Saved data entries:
----------

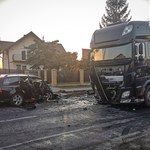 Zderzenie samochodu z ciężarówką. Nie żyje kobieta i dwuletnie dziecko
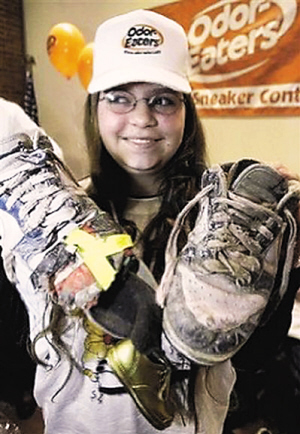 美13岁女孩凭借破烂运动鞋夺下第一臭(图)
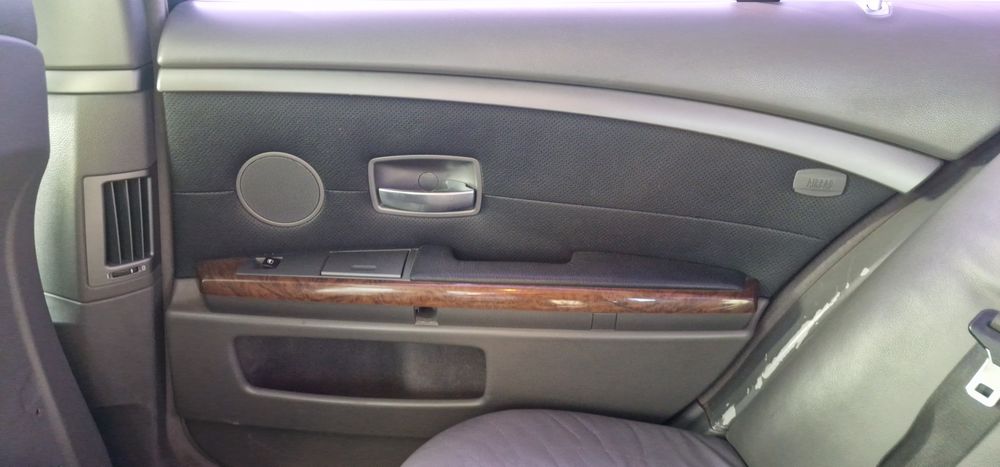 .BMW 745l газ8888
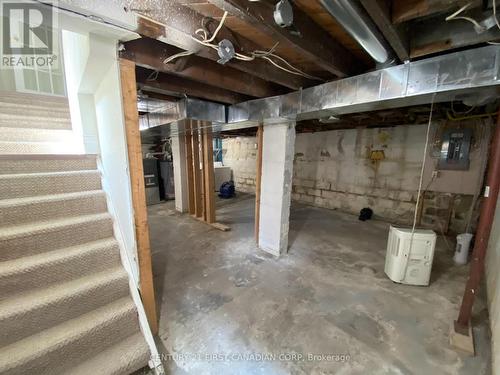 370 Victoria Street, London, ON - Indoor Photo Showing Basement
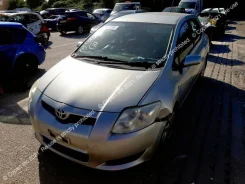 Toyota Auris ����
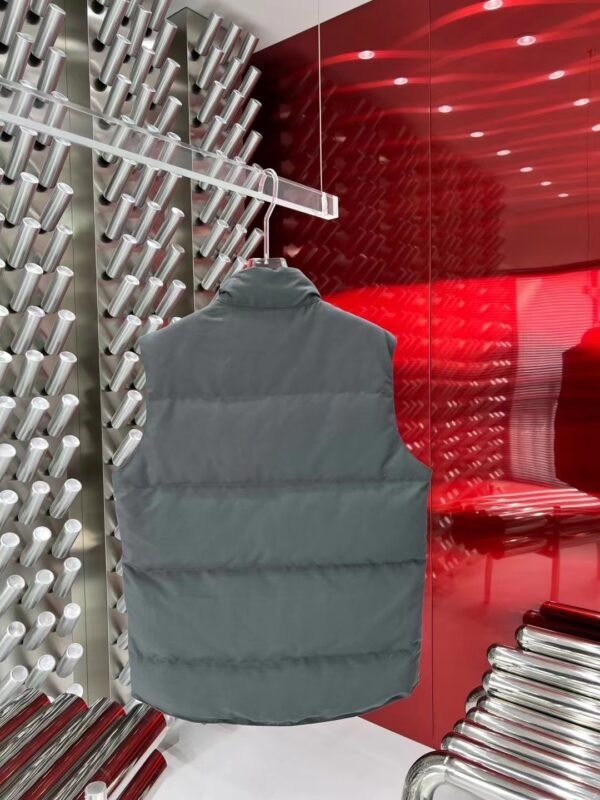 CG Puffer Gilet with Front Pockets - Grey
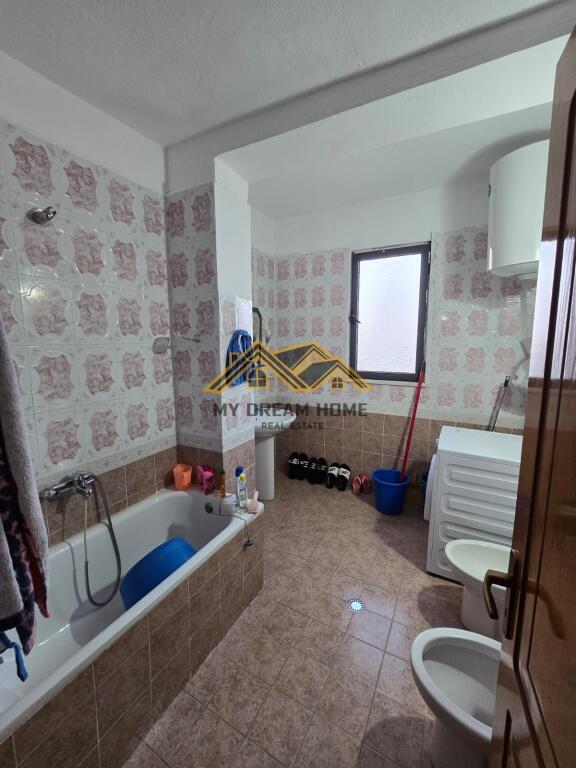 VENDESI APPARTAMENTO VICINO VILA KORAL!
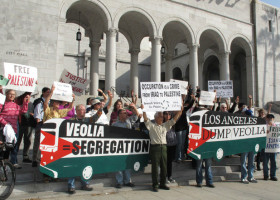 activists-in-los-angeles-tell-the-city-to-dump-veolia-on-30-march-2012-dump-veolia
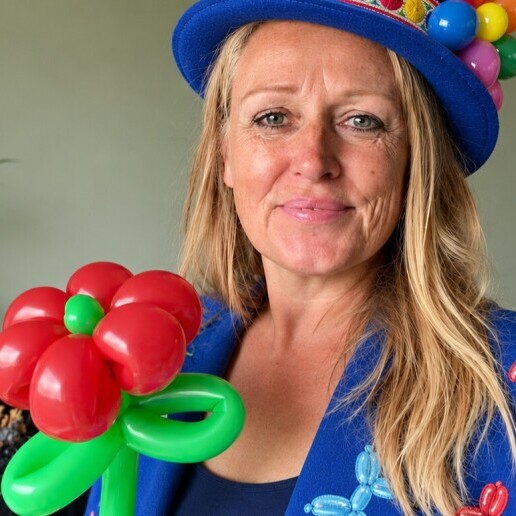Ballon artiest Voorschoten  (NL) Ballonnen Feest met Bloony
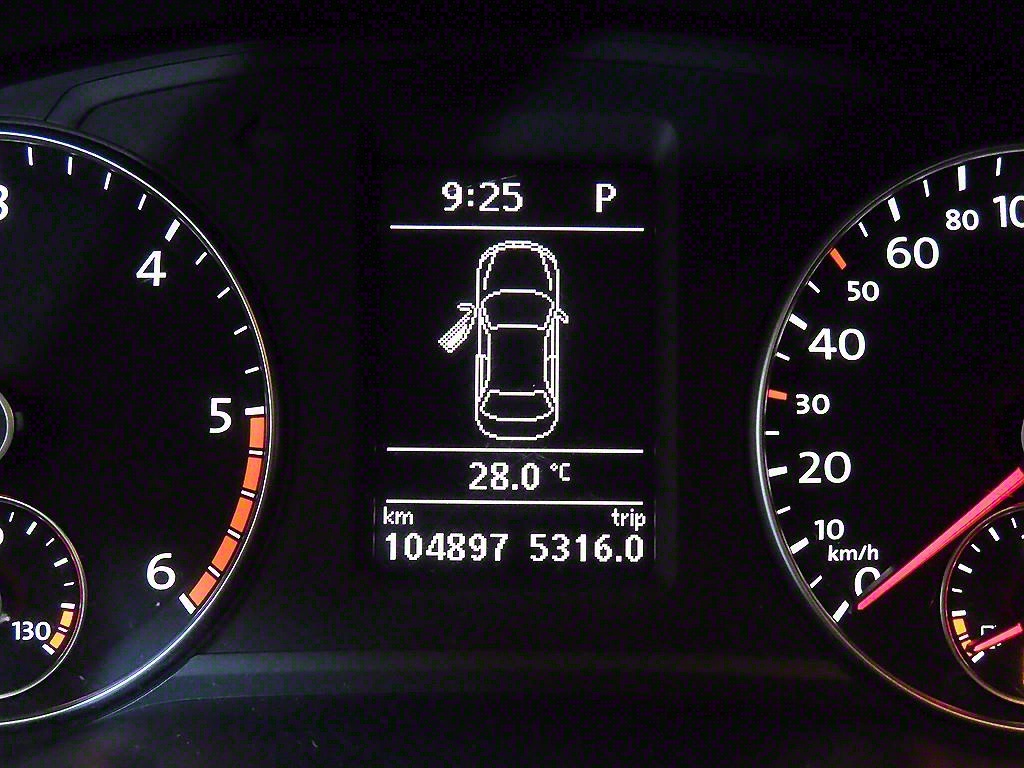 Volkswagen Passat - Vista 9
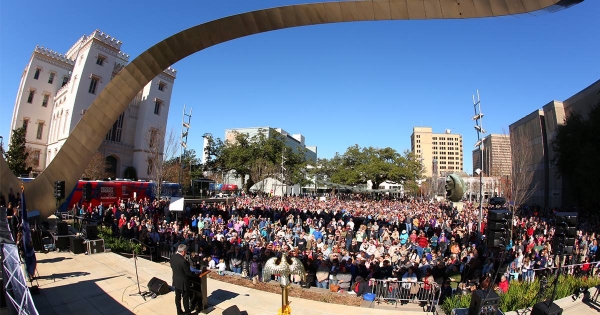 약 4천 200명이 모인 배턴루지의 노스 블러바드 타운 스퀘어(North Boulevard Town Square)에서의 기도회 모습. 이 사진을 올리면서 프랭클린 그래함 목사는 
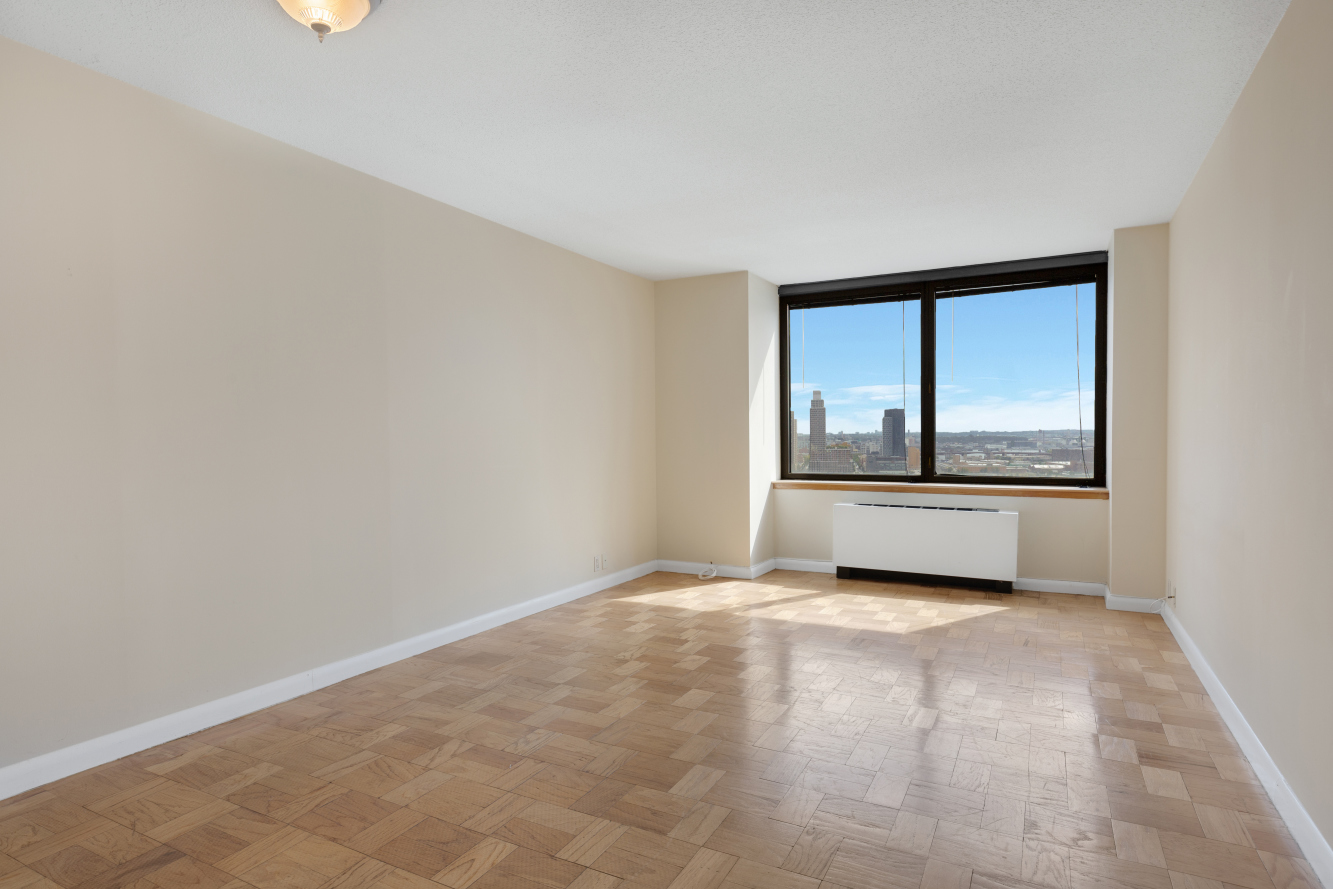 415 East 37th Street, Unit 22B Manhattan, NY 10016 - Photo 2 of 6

----------

TASK ITEM
Restate the data word for word while omitting each picture.

OUTPUT OF THE TASK
 Zderzenie samochodu z ciężarówką. Nie żyje kobieta i dwuletnie dziecko
 美13岁女孩凭借破烂运动鞋夺下第一臭(图)
 .BMW 745l газ8888
 370 Victoria Street, London, ON - Indoor Photo Showing Basement
 Toyota Auris ����
 CG Puffer Gilet with Front Pockets - Grey
 VENDESI APPARTAMENTO VICINO VILA KORAL!
 activists-in-los-angeles-tell-the-city-to-dump-veolia-on-30-march-2012-dump-veolia
Ballon artiest Voorschoten  (NL) Ballonnen Feest met Bloony
 Volkswagen Passat - Vista 9
 약 4천 200명이 모인 배턴루지의 노스 블러바드 타운 스퀘어(North Boulevard Town Square)에서의 기도회 모습. 이 사진을 올리면서 프랭클린 그래함 목사는 
 415 East 37th Street, Unit 22B Manhattan, NY 10016 - Photo 2 of 6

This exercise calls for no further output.